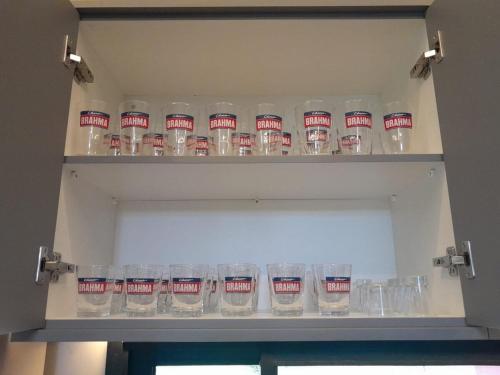 a shelf full of empty glasses in a cabinet at Casa de Campo Paraíso na canastra in Delfinópolis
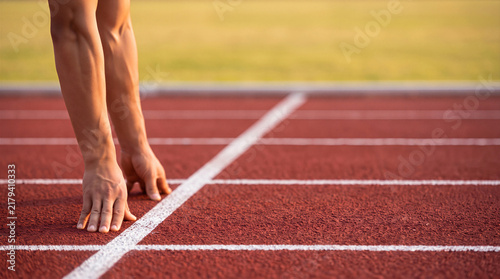 Runner hands on starting line ready to sprint on red running track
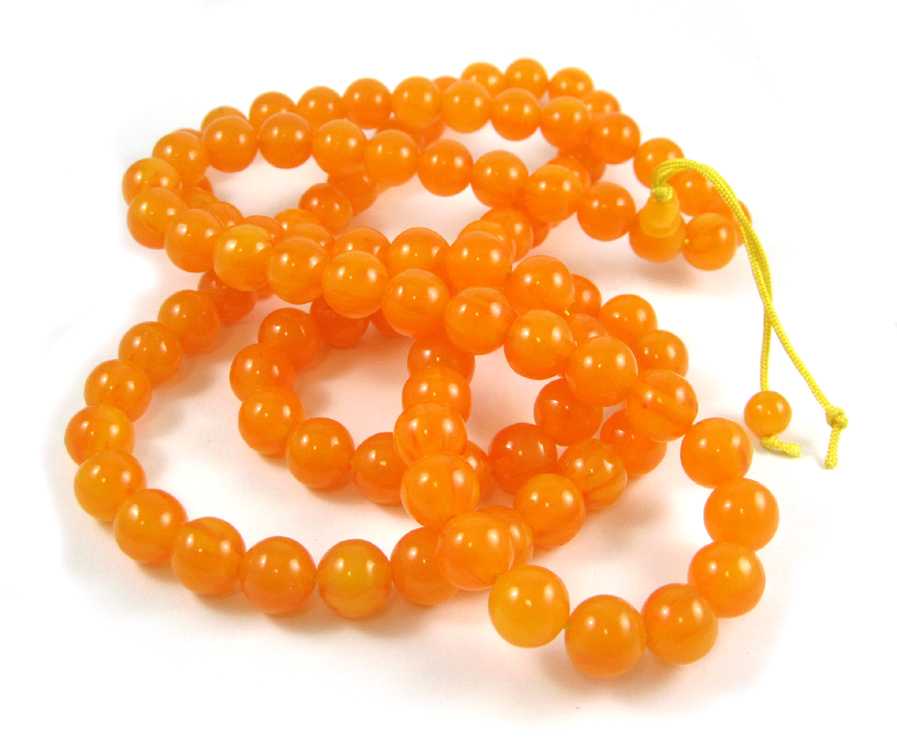 Appraisal: BALTIC PRESSED AMBER PRAYER BEADS measuring inches in length with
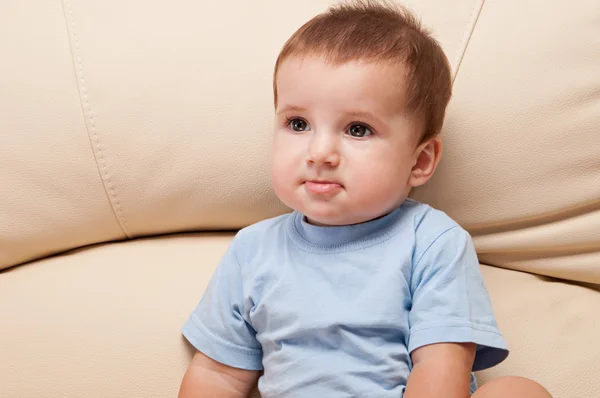 Bonito menino sentado no sofá metade do comprimento retrato — Fotografia de Stock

=-=-=-=-=

(TASK TO CARRY OUT): Everything in the material above should be reproduced exactly, except the pictures.

(SOLUTION TO THIS EXERCISE):
 a shelf full of empty glasses in a cabinet at Casa de Campo Paraíso na canastra in Delfinópolis
 Runner hands on starting line ready to sprint on red running track
 Appraisal: BALTIC PRESSED AMBER PRAYER BEADS measuring inches in length with
 Bonito menino sentado no sofá metade do comprimento retrato — Fotografia de Stock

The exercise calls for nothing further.